┏━━

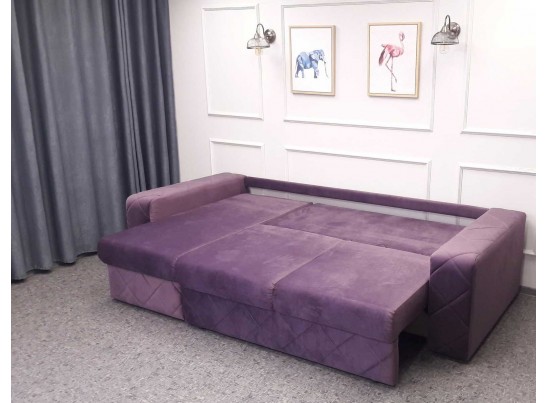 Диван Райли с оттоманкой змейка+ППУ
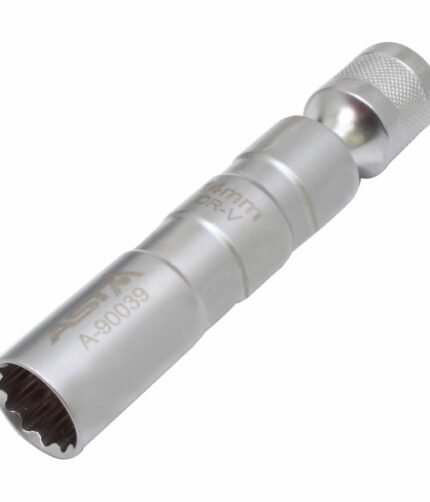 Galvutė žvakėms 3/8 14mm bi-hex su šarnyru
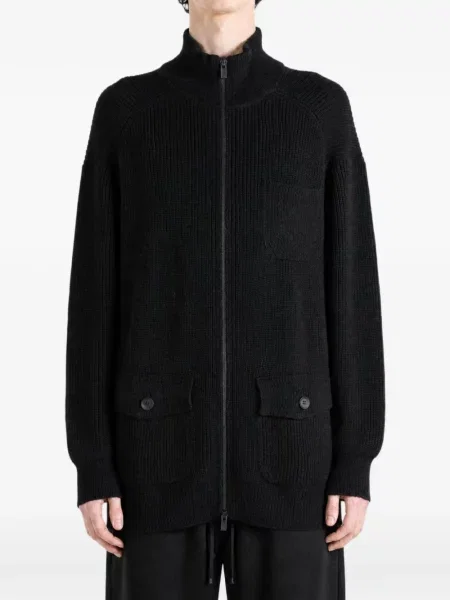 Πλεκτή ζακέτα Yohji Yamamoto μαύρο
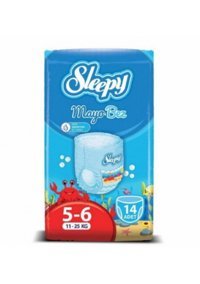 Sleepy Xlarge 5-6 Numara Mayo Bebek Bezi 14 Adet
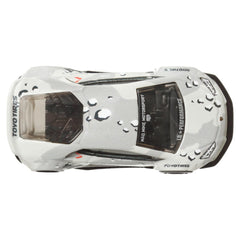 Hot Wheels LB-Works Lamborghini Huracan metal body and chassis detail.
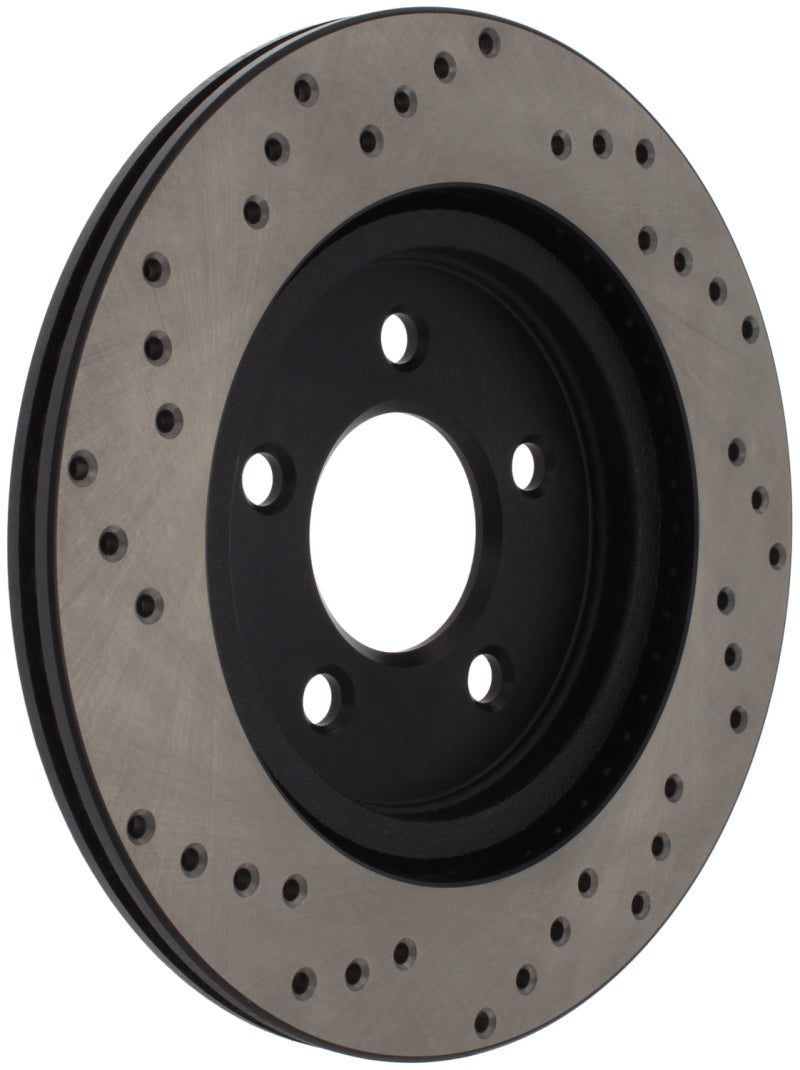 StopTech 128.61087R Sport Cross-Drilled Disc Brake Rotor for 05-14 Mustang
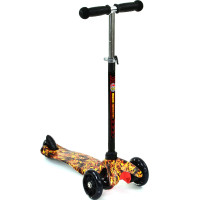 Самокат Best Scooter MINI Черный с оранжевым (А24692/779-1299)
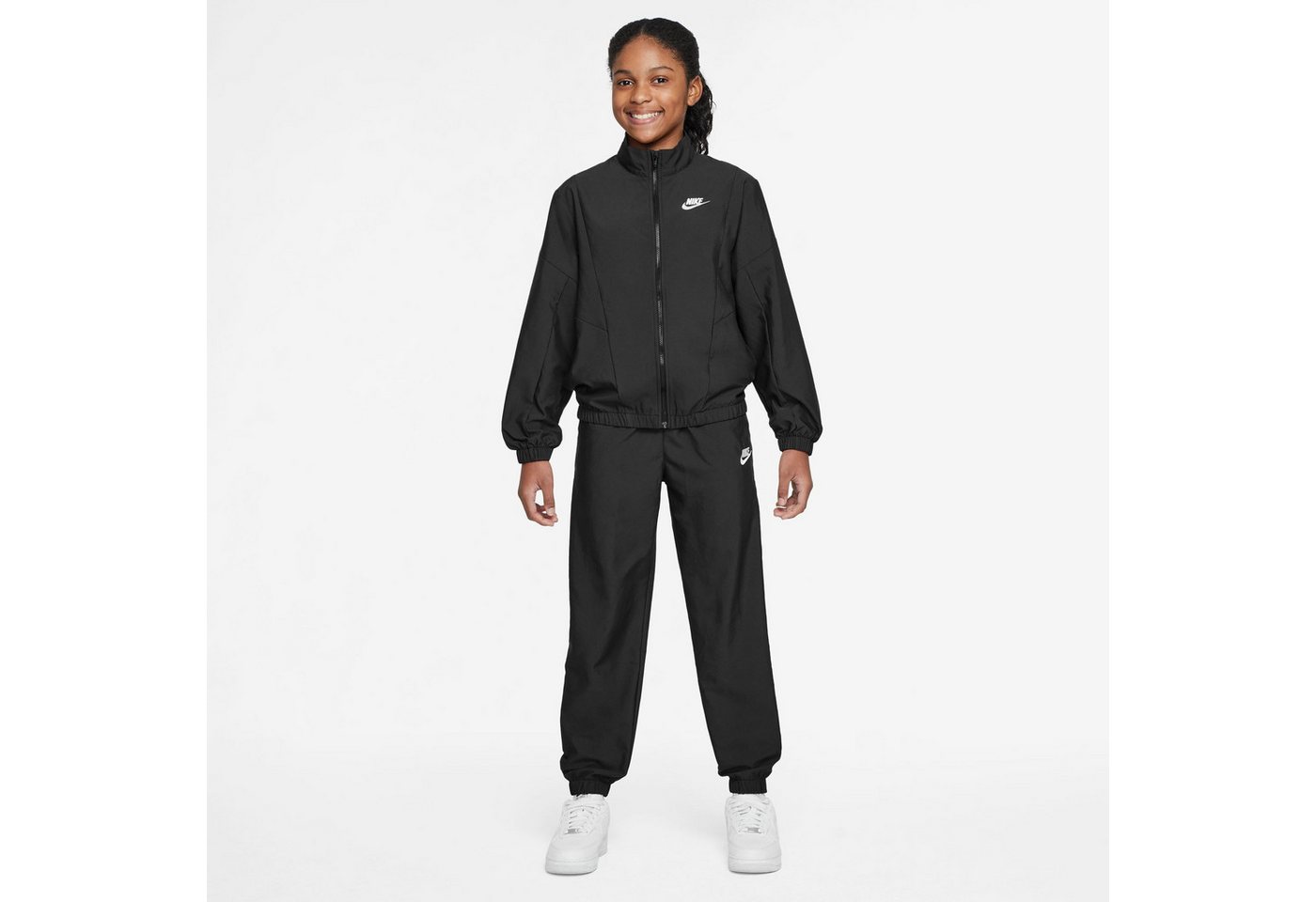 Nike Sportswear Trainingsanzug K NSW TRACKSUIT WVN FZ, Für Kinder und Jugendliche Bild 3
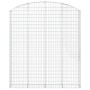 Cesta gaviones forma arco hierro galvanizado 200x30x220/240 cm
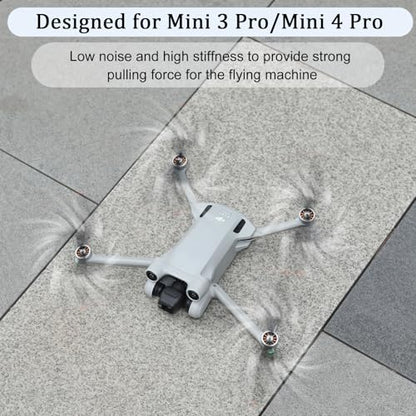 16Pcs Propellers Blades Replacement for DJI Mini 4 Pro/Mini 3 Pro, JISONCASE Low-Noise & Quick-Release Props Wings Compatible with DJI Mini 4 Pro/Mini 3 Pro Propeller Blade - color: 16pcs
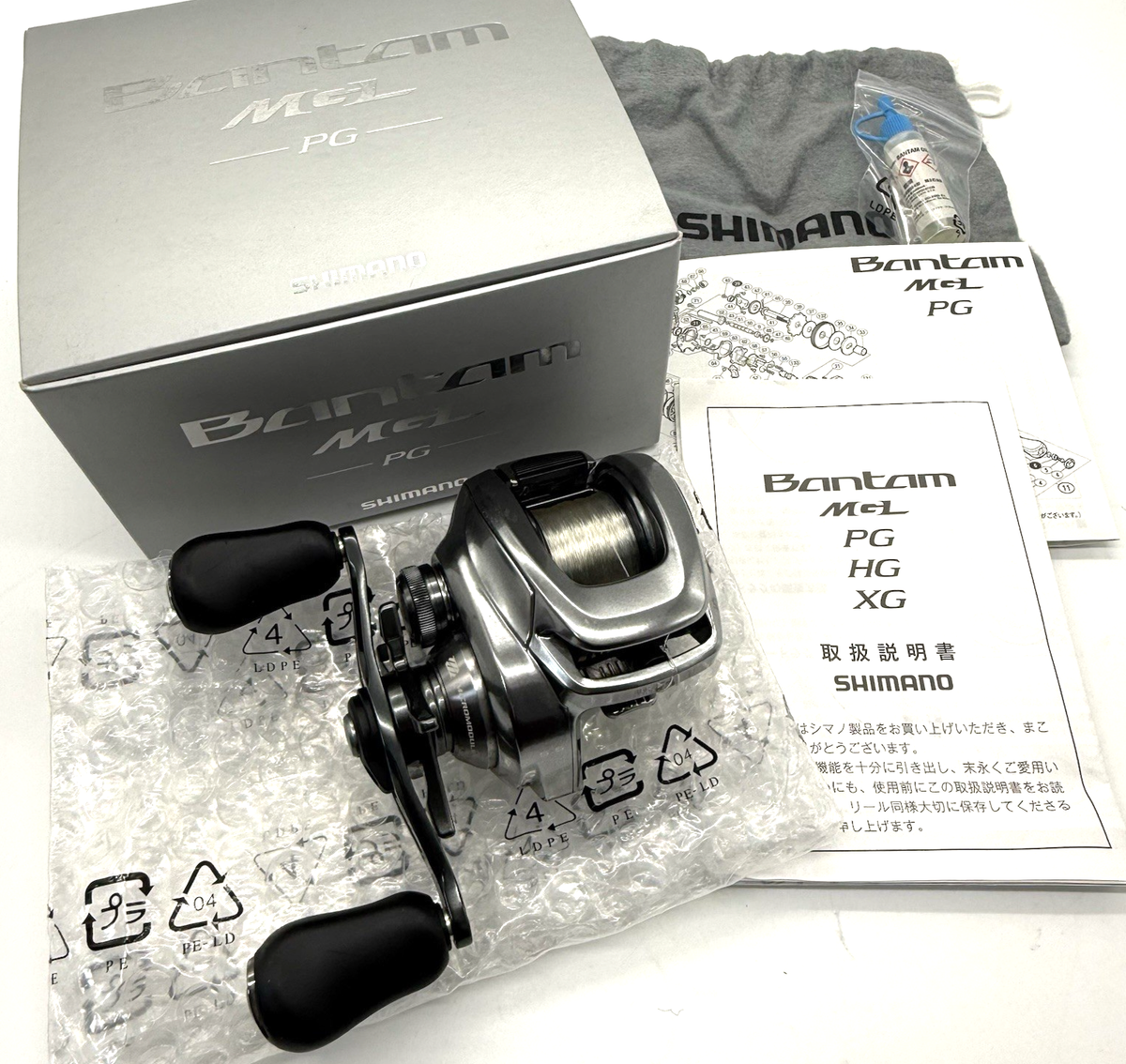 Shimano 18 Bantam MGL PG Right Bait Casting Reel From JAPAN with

┗━━

## Work to be completed
Starting where a line contains "StopTech 128.61087R Sport" and finishing at the last line above, set down every line exactly as it reads, with no pictures.

## Problem solution
 StopTech 128.61087R Sport Cross-Drilled Disc Brake Rotor for 05-14 Mustang
 Самокат Best Scooter MINI Черный с оранжевым (А24692/779-1299)
 Nike Sportswear Trainingsanzug K NSW TRACKSUIT WVN FZ, Für Kinder und Jugendliche Bild 3
 Cesta gaviones forma arco hierro galvanizado 200x30x220/240 cm
 16Pcs Propellers Blades Replacement for DJI Mini 4 Pro/Mini 3 Pro, JISONCASE Low-Noise & Quick-Release Props Wings Compatible with DJI Mini 4 Pro/Mini 3 Pro Propeller Blade - color: 16pcs
 Shimano 18 Bantam MGL PG Right Bait Casting Reel From JAPAN with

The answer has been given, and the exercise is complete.